Page 54 of Hot Tea & Bird Calls (Kissing At Work #2)
S kye dragged the pointy end of a comb through hair as rosy as the clouds in her dreams lately.
She sprayed the part she’d branched off, its mist bright within the dark blue walls of the closet-break room.
Two hours before closing time at Luce’s shop, Thalia produced the bone-straight pink wig from her satchel, fastened onto a plastic mannequin head.
“Style this, oh my heavens!” Thalia had begged, dumping a plastic bag of flexirods onto the table where she normally ate her unseasoned meals.
That same voice—minus the whining—sounded from the counter as she rang up a customer’s stack of coasters while Skye played hairdresser.
Thalia sprang news of a gallery opening featuring her paintings, hosted by herself.
Occurring that Sunday—in two days. No planning, no guest list yet, just vibes.
Very Thalia. Between tending to shoppers, Thalia pulled her laptop out from under the counter to mock up digital flyers.
Based on what Skye gathered, Thalia would arrange the canvases in her backyard, along her chain-link fence.
Skye – 3:40 pm
Are you up for an art show this weekend?
Skye dried her hands on her apron when Celene responded minutes later.
Celene – 3:46 pm
Whose art show? Yours?
Skye – 3:47 pm
Lol. One day.
Thalia’s. It came to her in an epiphany yesterday.
Celene – 3:48 pm
Is this my first artsy Yielding date?

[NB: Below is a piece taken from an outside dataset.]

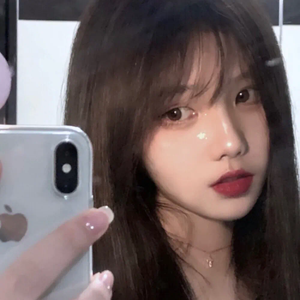 美女被骗糟蹋趴在身上不下来
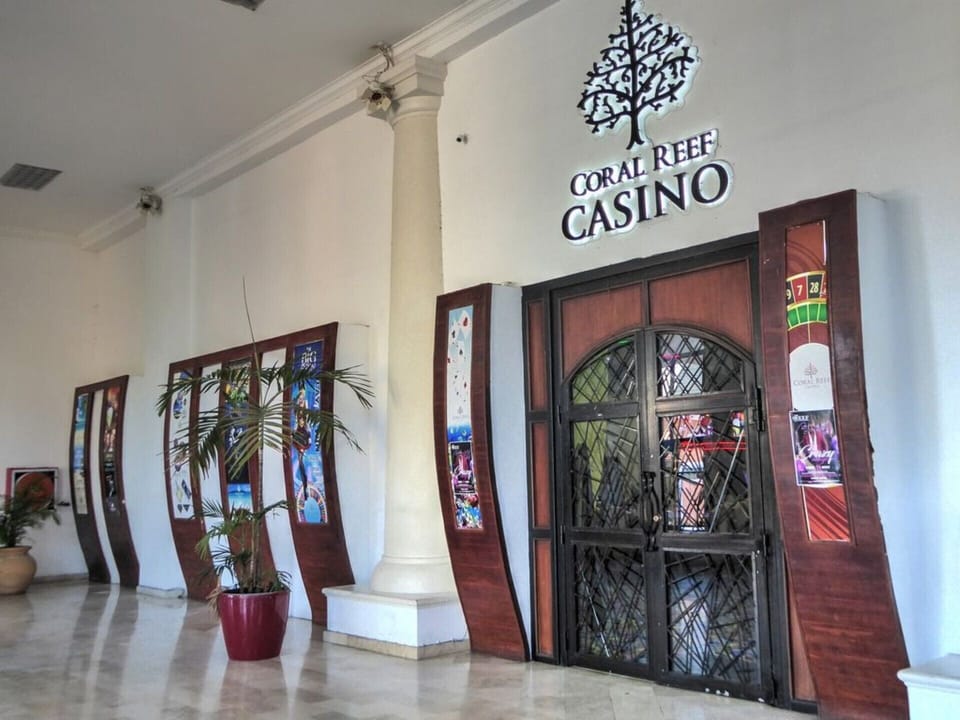 5 Minute Walk To Coral Reef Casino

How should I dress?
Skye – 3:50 pm
I’ll ask her.
I’m putting her wig in curlers for the occasion.
Celene – 3:51 pm
Reasonable.
The term ‘loner’ rarely came with negative connotations for Skye. As she’d loved her alone time, broken off from society in little pockets. So, it sort of surprised her how well Celene integrated into her life.
Seriously, how were two women devoted to their solo time working agreeably? Maybe it was the lack of “Are you okay?” check-ins when the other went comfortably silent. Or the shared interests in quiet hobbies. They didn’t strive to fill in the unspoken moments—they thrived in them.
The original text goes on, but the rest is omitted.